Preferably, referring to fig. 7 in conjunction with fig. 6, a schematic structural diagram of a criminal name prediction system provided in an embodiment of the present invention is shown, where the first training module 5032 includes: a predictor sub-module 50321, an error sub-module 50322, and a training sub-module 50323.

The prediction sub-module 50321 is configured to use the first training data as an input of the first BERT model to obtain a text prediction result corresponding to the text replacement position and obtain a sentence prediction result corresponding to the sentence splicing position.

An error sub-module 50322 for calculating a text error between the actual text at the text replacement position and the text prediction result using a first sub-loss function and calculating a sentence error between the actual sentence at the sentence splicing position and the sentence prediction result using a second sub-loss function.

A training sub-module 50323 configured to train the first BERT model with the first training data based on the text error and the sentence error until the first BERT model converges. The process of training the first BERT model is described in the embodiment of the present invention, which corresponds to the step S403 disclosed in fig. 4.

It should be noted that the actual words and sentences are derived from the sample data.

Based on the crime name prediction system disclosed by the embodiment of the invention, the modules can be realized by a hardware device consisting of a processor and a memory. The method specifically comprises the following steps: the modules are stored in the memory as program units, and the program units stored in the memory are executed by the processor to realize the criminal name prediction.

The processor comprises a kernel, and the kernel calls a corresponding program unit from the memory. The kernel can be set to be one or more, and the criminal name prediction is realized by adjusting the kernel parameters.

The memory may include volatile memory in a computer readable medium, Random Access Memory (RAM) and/or nonvolatile memory such as Read Only Memory (ROM) or flash memory (flash RAM), and the memory includes at least one memory chip.

Further, the embodiment of the present invention provides a processor, where the processor is configured to execute a program, where the program executes the method for predicting the name of the guilty.

Further, an embodiment of the present invention provides a criminal name prediction apparatus, which includes a processor, a memory, and a program stored in the memory and executable on the processor, where the processor executes the program to implement the following steps: acquiring a first judicial literature needing to predict a criminal name; intercepting or supplementing the first judicial literature to obtain a second judicial literature; and inputting the second judicial literature into a pre-established criminal name prediction model to perform criminal name prediction to obtain a criminal name prediction result corresponding to the first judicial literature, wherein the criminal name prediction model is obtained by training a language model based on sample data, and the language model is used for pre-training according to a preset number of legal texts to determine initialization model parameters of the element analysis model.

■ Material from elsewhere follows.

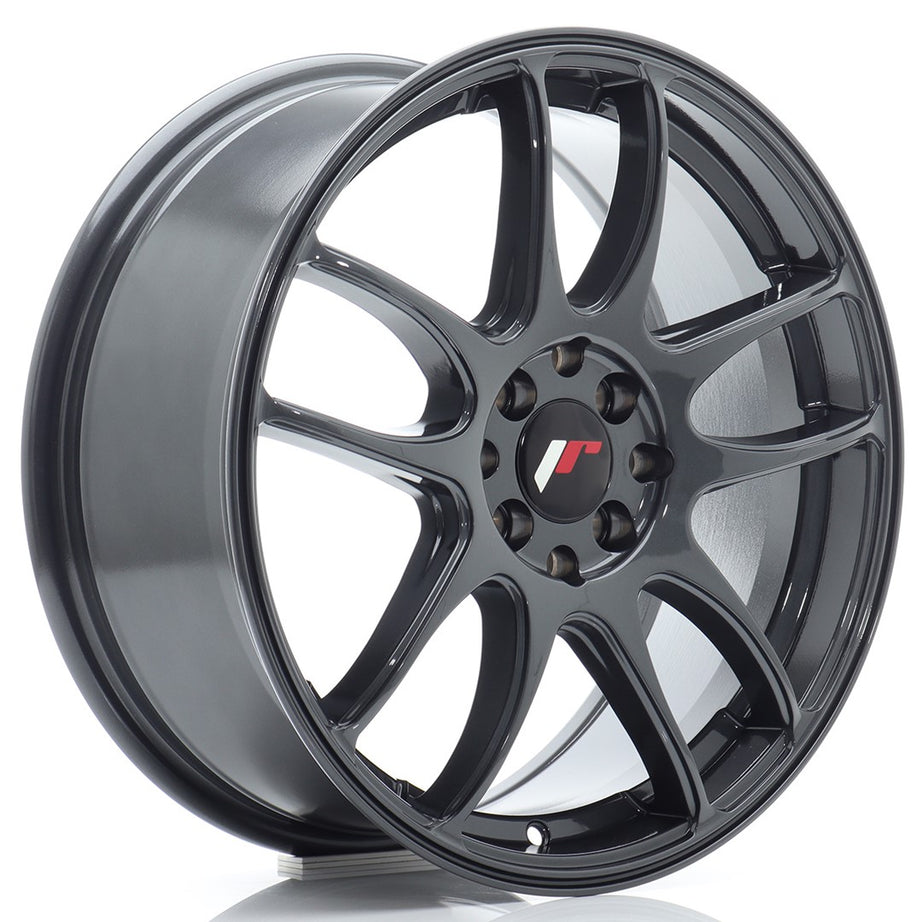 JR Wheels JR29 17x7 ET40 4x100/114 Llanta Hyper Grey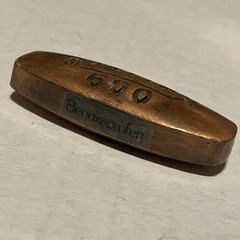 1970’s ELI LILLY 4050 ORAFLEX 600 PILL Benoxaprofen Pharmaceutical PAPERWEIGHT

Wherein, when the language model is a BERT model, the process of obtaining a criminal name prediction model by training the language model based on sample data includes: performing character replacement and sentence splicing on the sample data to obtain first training data, wherein the sample data is obtained by intercepting and processing open judicial documents; taking the first training data as an input of a first BERT model, and training the first BERT model by combining a preset first loss function and the sample data until the first BERT model converges; taking the converged model parameters of the first BERT model as initialization model parameters of a second BERT model; and taking the sample data as the input of the second BERT model, and training the second BERT model until the second BERT model converges by combining a preset second loss function and a criminal name label corresponding to the sample data to obtain the criminal name prediction model, wherein the criminal name label is obtained from a judgment section corresponding to the public judicial literature.

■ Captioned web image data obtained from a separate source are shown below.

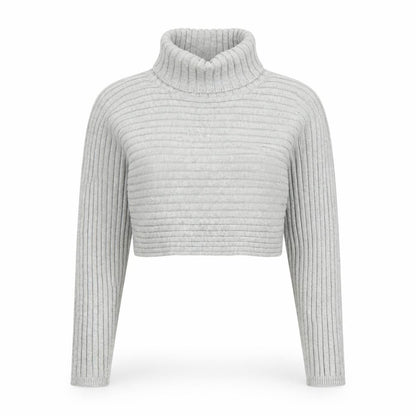 Womens UK Size S New Look Grey Pullover Jumper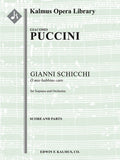 Gianni Schicchi: O mio babbino caro Cover Image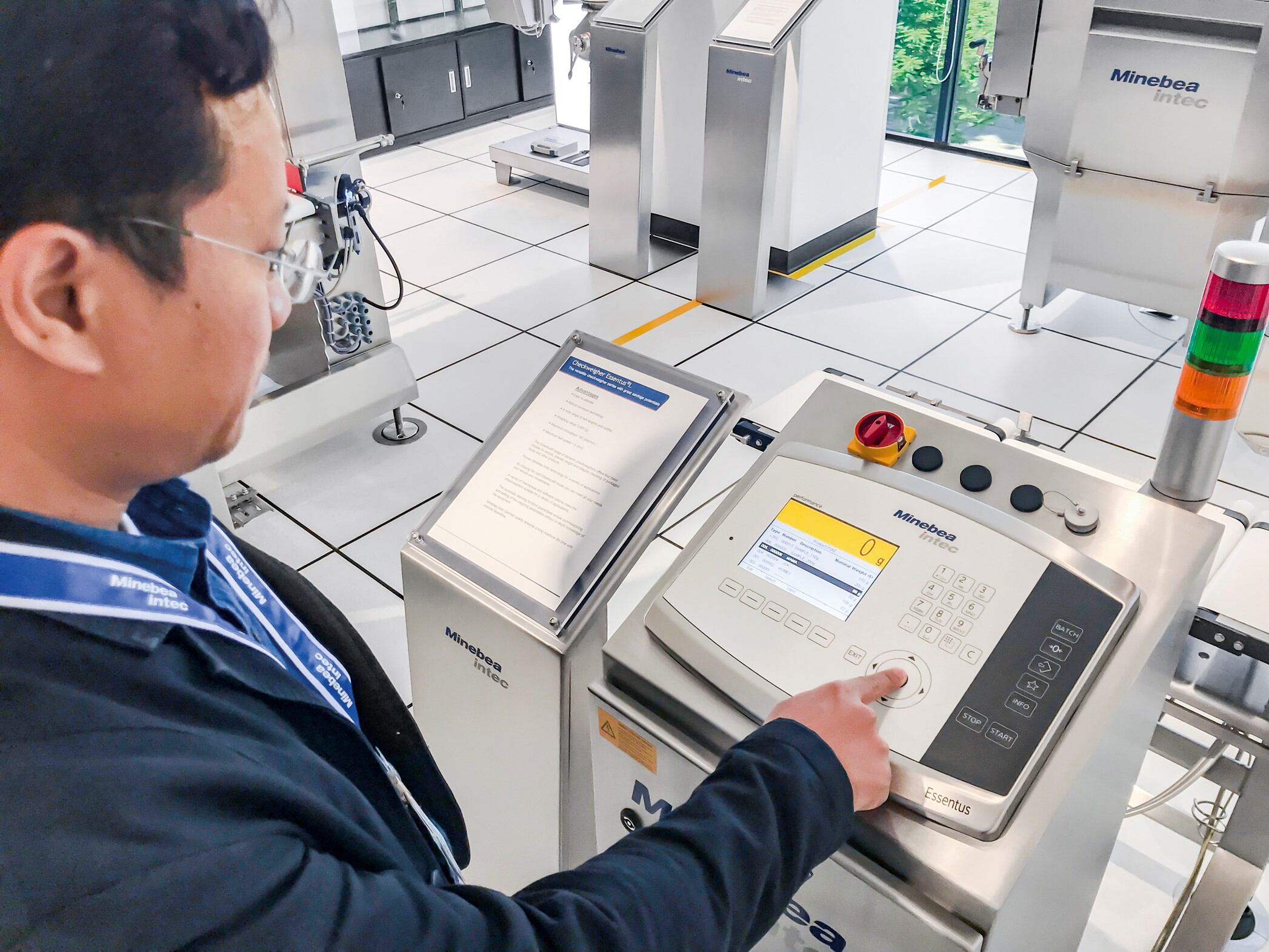 Minebea Intec Experience Centre to better serve customers in Southeast Asia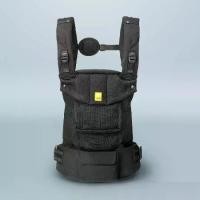 ราคา เป้อุ้มเด็ก LILLEBABY Serenity Airflow - Black LIL012 (1729642955782850825)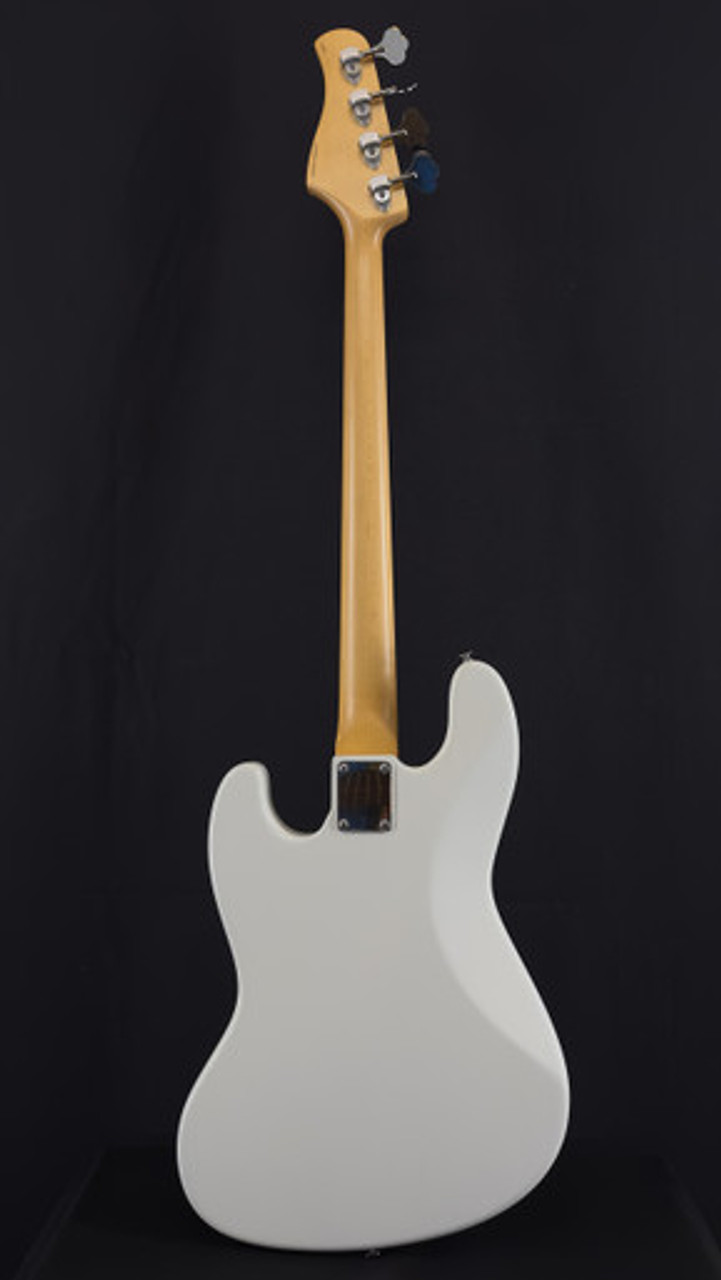 Suhr Classic J Antique in Olympic White with Rosewood Fingerboard
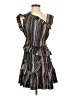 IRO Stripes Brown Cocktail Dress Size EU (FR) 34 / US 2 - photo 1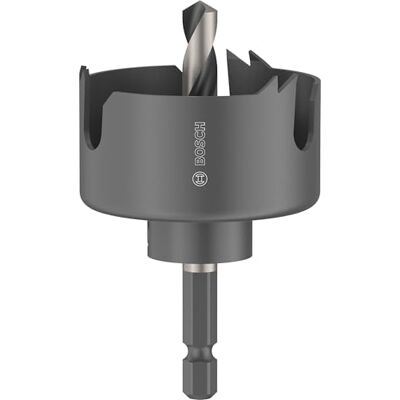 Bosch 1x Gatzaag met as voor hout en gipsplaat (voor Gipsplaat, Zachthout, Ø 48 mm, Professional Accessoires Boormachines) Bosch 1x Gatzaag met as voor hout en gipsplaat (voor Gipsplaat, Zachthout, Ø 48 mm, Professional Accessoires Boormachines)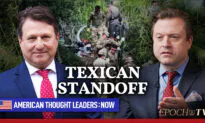 Texican Standoff: Border Surge Paused at Rio Grande by Texas Law Enforcement After Title 42 Ends—Todd Bensman | ATL:NOW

Wherein, the training the first BERT model by using the first training data as the input of the first BERT model and combining a preset first loss function and the sample data until the first BERT model converges comprises: the first training data is used as the input of the first BERT model to obtain a character prediction result corresponding to a character replacement position and a sentence prediction result corresponding to a sentence splicing position; calculating a text error between an actual text of the text replacement position and the text prediction result using a first sub-loss function, and calculating a sentence error between an actual sentence of the sentence splicing position and the sentence prediction result using a second sub-loss function; training the first BERT model in conjunction with the first training data based on the text error and sentence error until the first BERT model converges; wherein the actual words and sentences are derived from the sample data.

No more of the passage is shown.